Be interesting to see if Walmart can be unionized. Retail clerks don't add much value to a product, plus low income consumers will be badly hurt by much higher prices.

[-] 0 points by beautifulworld (23767) 10 years ago

I agree that the way we value labor in this country needs a shake up, a complete overhaul. Labor doesn't just have to produce profit, it can produce livelihoods for real human beings. How about an economic system that works for the people instead of vice versa.

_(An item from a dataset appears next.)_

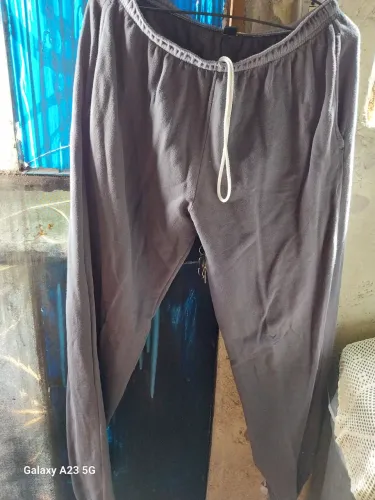 Calça de Moletom Cinza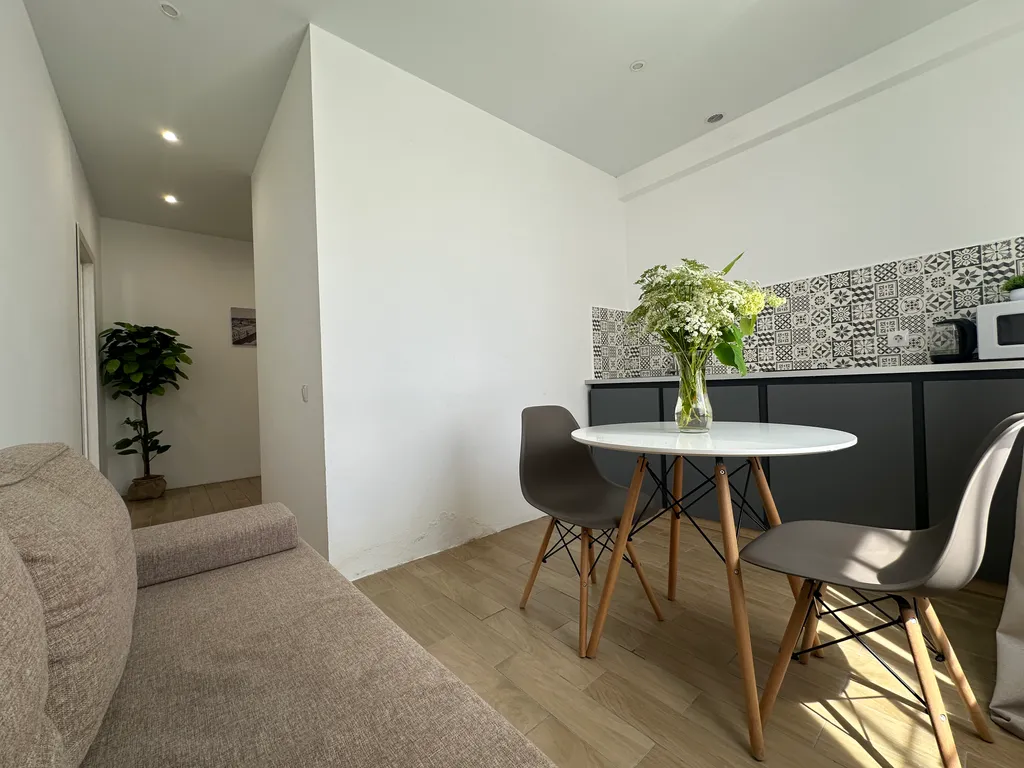 Светлый апартамент столица 2304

[-] 1 points by shadz66 (19985) 10 years ago

What does it say to us on this forum that that comment which was +4 & on BCT earlier, now languishes here & that the same goes for elf's important link below ( http://occupywallst.org/forum/retail-teamsters-union/#comment-986996 ) ? & also fyi : http://itsoureconomy.us/ & http://www.democracyatwork.info/ !!

ad iudicium ...

[-] 4 points by elf3 (4203) 10 years ago

noticed that too shadz - but I like to get the opposing information - know thy enemy ...it gives us insight into the propaganda machine and problems that we are set to face

[-] 1 points by shadz66 (19985) 10 years ago

True that & re. ''know thy enemy'', please see :

This is a 15 minute extended trailer / synopsis of this great doc. (which I have seen in entirety) but I am having problems finding links to the full 75 minute film. It is heavily copyright protected - which for a doc. of this nature is very uncommon in my experience. However, I believe RT USA will be broadcasting it on 20th July. I strongly recommend the above video in the meantime though and will try to find a link to the whole thing later & also fyi & in compliment to your forum-post :

fiat lux ...

[-] 3 points by elf3 (4203) 10 years ago

thanks for the links - i also thought the Bill Moyers Doc on Two American Families created a true and intimate portrait of results of outsourcing and downsizing and wage suppression in this country

http://www.pbs.org/wgbh/pages/frontline/two-american-families/

[-] 3 points by shadz66 (19985) 10 years ago

Bill Moyers' ''Two American Families'' really is a must watch for anyone who gives a hoot for The 99% and thanx very much for that excellent link & for the other films in that series, I'm cross-linking here to :

pax ...

[-] 2 points by beautifulworld (23767) 10 years ago

It says that the things that you and I and elf believe in are things that scare the sh-t out of the TPTB.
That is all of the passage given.